In this example, we walk through how to train a model with quantized rollouts using `FlashRL <https://fengyao.notion.site/flash-rl>`_ and SkyRL.

What is FlashRL?
----------------

`FlashRL <https://fengyao.notion.site/flash-rl>`_ is a novel method that provides the first open-source RL recipe with quantized (Int8, FP8) rollout generation while preserving downstream performance. FlashRL consists of two main components:

- Truncated Importance Sampling (TIS): In scalable RL frameworks, policy model and rollout are typically managed by different libraries/ frameworks (FSDP and vLLM, resp.), which leads to a mismatch between the probability distributions. TIS is a technique that solves the rollout and training mismatch problem by applying a token-level correction factor (based on the importance-sampling ratio) to the policy loss. 
- Online Quantization Support: While vLLM has support for inference with quantized weights, it is tricky to use this for RL training.
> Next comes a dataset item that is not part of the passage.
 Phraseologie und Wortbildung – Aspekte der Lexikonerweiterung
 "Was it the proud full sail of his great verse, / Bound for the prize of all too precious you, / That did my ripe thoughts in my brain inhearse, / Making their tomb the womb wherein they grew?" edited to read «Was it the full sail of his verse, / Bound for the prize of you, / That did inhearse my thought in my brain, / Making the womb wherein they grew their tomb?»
FlashRL also has patches for vLLM to support weight updates for FP8 and Int8 during training. 


FlashRL + SkyRL
---------------

SkyRL now has a native integration with FlashRL. Currently, we support training with Int8 quantization as well as `online FP8 quantization <https://docs.vllm.ai/en/v0.9.2/features/quantization/fp8.html#online-dynamic-quantization>`_ in vLLM. 


.. warning::

   FlashRL integration only supports single-turn training at the moment.


How does it work?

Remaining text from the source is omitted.